The selection procedure for the delegates may differ from state to state and considering the great diversity that exists, it is probably a problematic procedure. Since by today the national movements are still the ones most influential, it is possible that the different organizations benefit from structures that are already built on the national level. In the early stage it is predictable that there are a notable number of organizations not included in the process. The election-methods can be chosen by each state and the disadvantage of not being able to participate in the first place does not mean that these organizations or individuals are not allowed to bring their concerns and ideas into the debate. Once the delegation is arranged it is sent to the permanent Alter Globalists Organization’s (AGO) headquarters, based in any city. There, the real process of policy making starts. At first, delegations have to sign a treaty that makes them stick to the rules. It might be a crucial point for alter-globalists to finally step into this bureaucratic system. As in the WTO, those summits can take place every two years and different fields of activity are to be offered. The delegations split up and each delegate chooses the field he thinks he is able to represent the most (for example environmental concerns, concerns about working conditions [“sweatshops”], etc.) The number of committees might vary from summit to summit and each committee has to agree on just one agenda to be followed for each summit. Thinking of the vast number of possible topics it is important to set priorities. I suggest that for the topic’s electoral process simple majority should be used.
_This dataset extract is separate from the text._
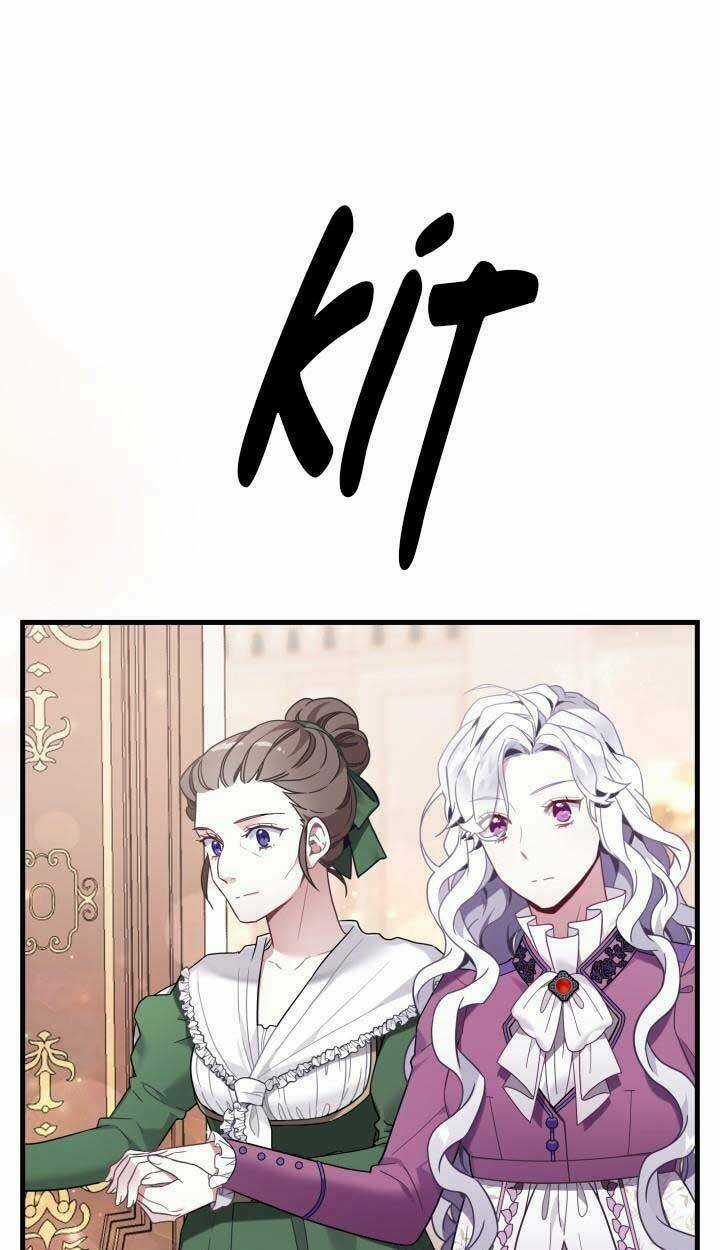 Con Gái Chồng Thật Dễ Thương Chapter 56 trang 0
If the topic is chosen it is the delegate’s duty to address the main problems and to agree on a policy that could solve those problems. With these policies, delegates return to their home alter-globalist organizations, requiring them to assemble those policies.
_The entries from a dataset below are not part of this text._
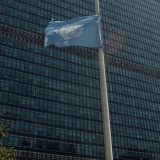 Dačić: Kosovo u UN ne priznaje 95 zemalja, a priznaje 93 10
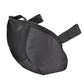 Sac de rangement portable et imperméable pour maman – Compatible avec la poussette Doona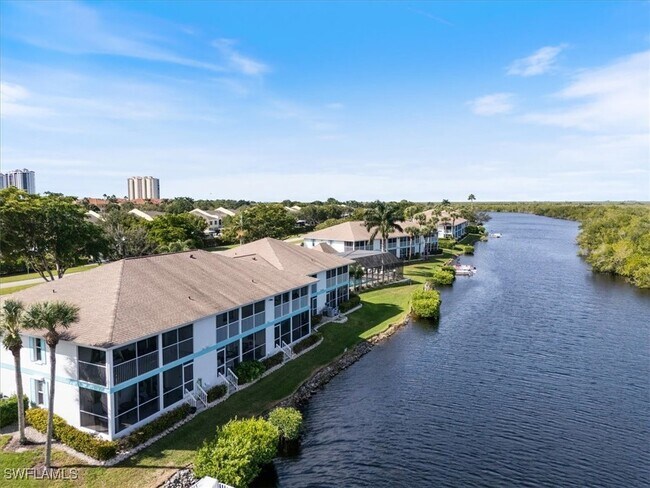 Building Photo - 1375 Mainsail Dr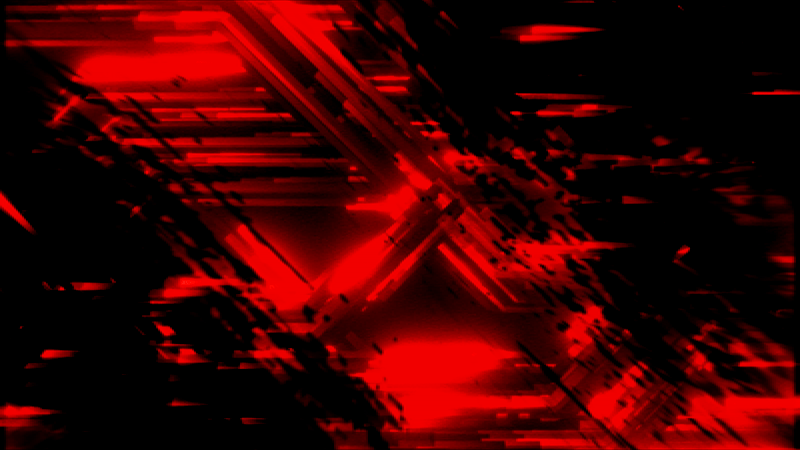Ka-Chung background.gif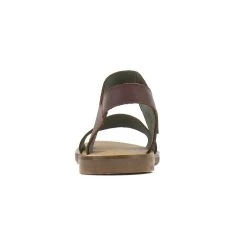 EL NATURALISTA Sandales Tulip NF30 -EL NATURALISTA Ventes tulip nf30 21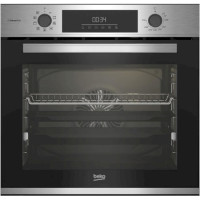 Beko BBIS12300XCSE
According to this theory it is possible to put pressure on the government without weakening oneself because of contrary lines of action. Being able to present a clear policy that needs to be followed makes it more convenient to convince citizens of the ideas – and once support increases it will be impossible for governments and corporations to ignore this development. Furthermore the significance of influence is likely to expand from the regional and national level to the continental and even international level. The smaller the group and the lower the level, the more radical seems to be the protest. José Bové and his French organization “Confederation Paysanne” show, that protest with extraordinary means is important up to a certain point. Then, communication of interests has to reach a diplomatic quality that makes it possible to negotiate.

To finance this institution, fundraising will be inevitable. As the example of Greenpeace shows, it is possible to run a large apparatus. Pure idealists might even argue that once there is a tax on all trade of currency (“Tobin tax”; see Robert E. Goodin, 2003) it would be appropriate to spend some of this money on an Alter Globalist Organization.
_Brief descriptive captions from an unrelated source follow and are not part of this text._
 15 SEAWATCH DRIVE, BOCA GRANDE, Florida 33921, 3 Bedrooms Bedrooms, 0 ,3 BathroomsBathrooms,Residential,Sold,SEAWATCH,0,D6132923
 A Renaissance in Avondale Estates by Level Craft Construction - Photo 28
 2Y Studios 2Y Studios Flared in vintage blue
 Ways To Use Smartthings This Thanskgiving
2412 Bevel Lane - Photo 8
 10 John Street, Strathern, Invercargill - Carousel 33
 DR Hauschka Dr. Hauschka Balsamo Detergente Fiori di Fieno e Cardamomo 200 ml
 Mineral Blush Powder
It is going to be a long and rocky road until an organization like the one described above really is able to exist and there might lurk some unforeseeable problems. And, gatherings and discussion-forums like the World Social Forum are not going to be replaced; they have their significance in the alter-globalist movement. However, it is important to start building the institutional framework of an Alter Globalist Organization for it may help to avert stagnation and it may help to bring well structured concepts of how the globalized world should look like into play.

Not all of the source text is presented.